Hedge Fund Job: Must Understand Benford's Law

Another guest post

The folks over at Valleywag are having fun with a Craigslist posting for a hedge fund job. In addition to looking for someone with all the typical quant skills, the ad asks applicants to do the following
1) Prepare a cover letter.
2) Flip a coin 50 times. Record the results on your resume as a sequence of heads (H) or tails (T) symbols.
3) Email your cover letter and resume to us.
Speculation abounds as to what the fund is getting at, but a few commenters suspect it's some sort of honesty test. The idea is that when people try to manufacture randomness on their own, they usually do a bad job. For example, a 25/25 split of heads/tails would be a dead giveaway that the applicant didn't to the assignment. The are other tells too that you could come up with.
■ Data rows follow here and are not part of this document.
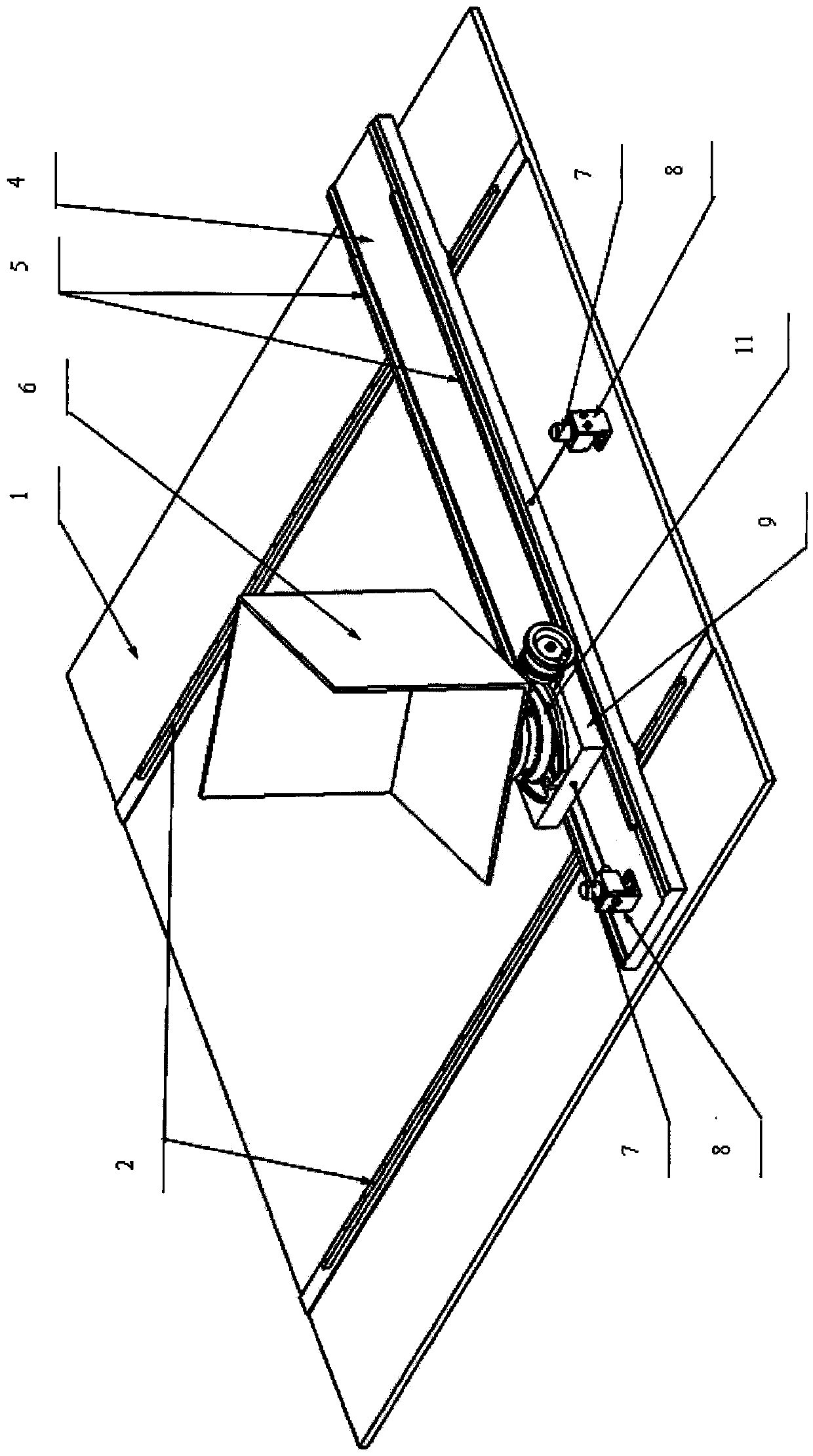 Automobile wheel positioner TDOF (three degrees of freedom) calibrating system with extended wide-area visual field space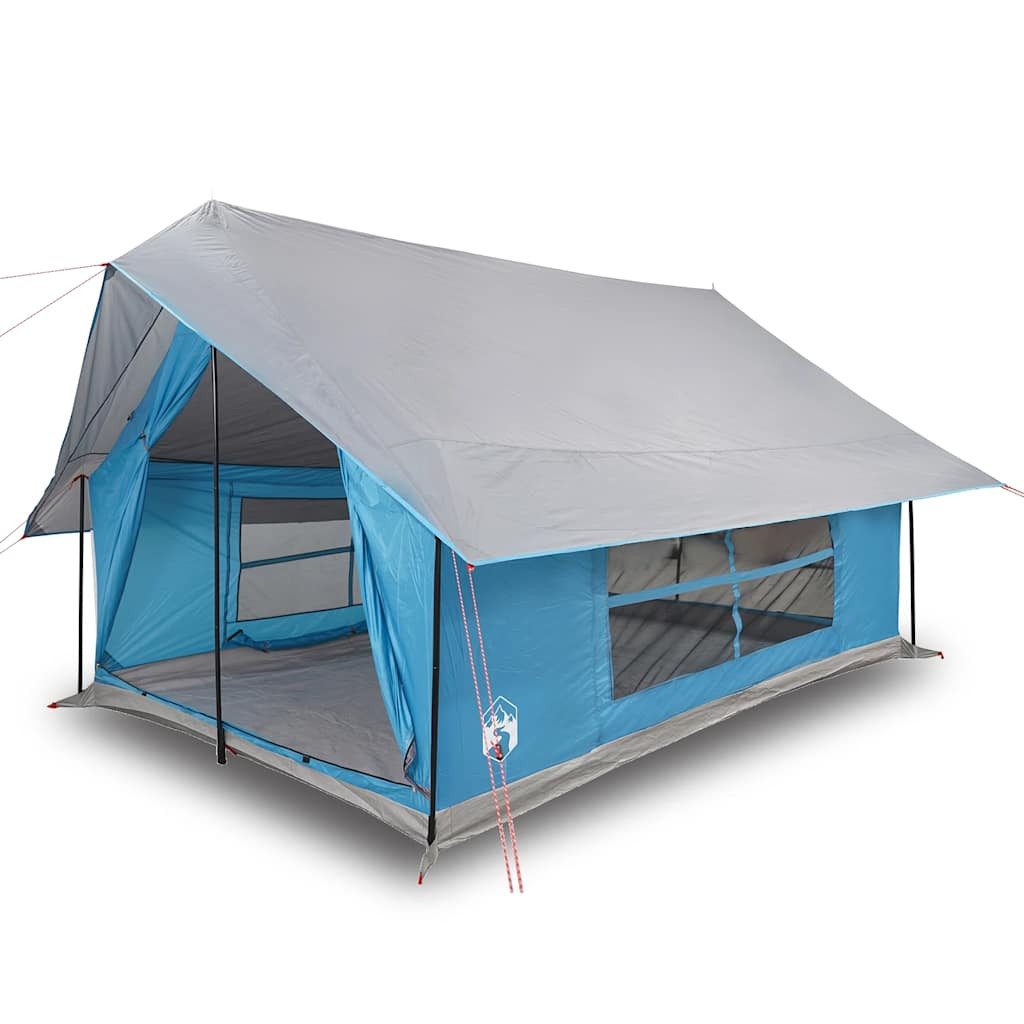 vidaXL Kuppelzelt Campingzelt 5 Personen Blau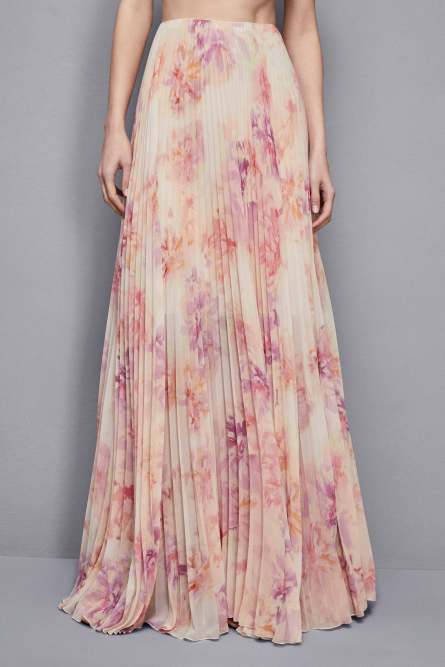 Long georgette skirt, Multicolor, Patrizia Pepe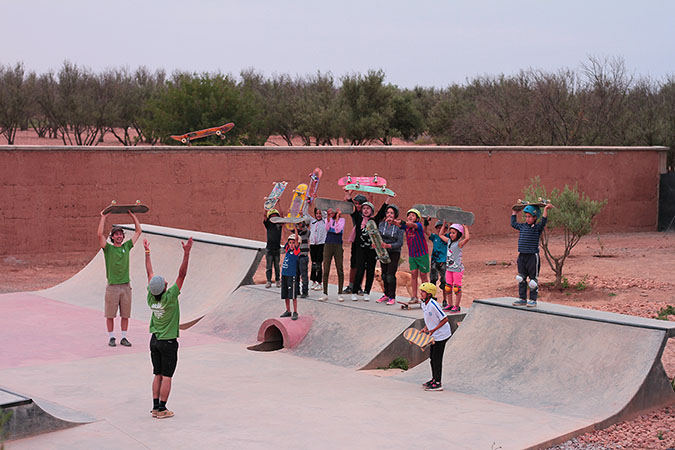 Chidlren at the skatepark Fiers & Forts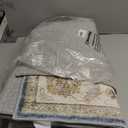 WITSHOCK 4x6 Area Rugs for Living Room: Machine Washable Non Slip Vintage Carpet - Low Pile Lightweight Print Rug for Bedroom Dining Room - Stain Resistant for Household - Pet Owners (Blue) (Blue/Cream White/Light Ivory)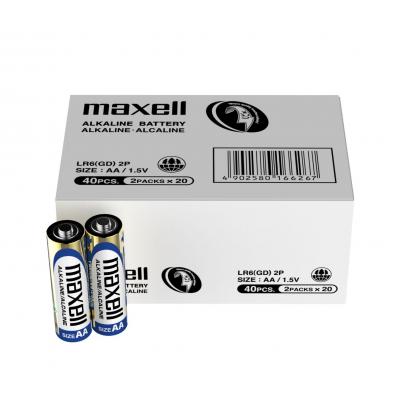 Maxell LR6GD 2A Alkaline 鹼性電芯-2粒裝x20排(40粒/盒)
An old NYT article explains what's going on, and how it relates to Benford's Law:
Dr. Theodore P. Hill asks his mathematics students at the Georgia Institute of Technology to go home and either flip a coin 200 times and record the results, or merely pretend to flip a coin and fake 200 results. The following day he runs his eye over the homework data, and to the students' amazement, he easily fingers nearly all those who faked their tosses.

"The truth is," he said in an interview, "most people don't know the real odds of such an exercise, so they can't fake data convincingly."

There is more to this than a classroom trick.

Dr. Hill is one of a growing number of statisticians, accountants and mathematicians who are convinced that an astonishing mathematical theorem known as Benford's Law is a powerful and relatively simple tool for pointing suspicion at frauds, embezzlers, tax evaders, sloppy accountants and even computer bugs.

Then again, maybe they're getting at something totally different. Any guesses?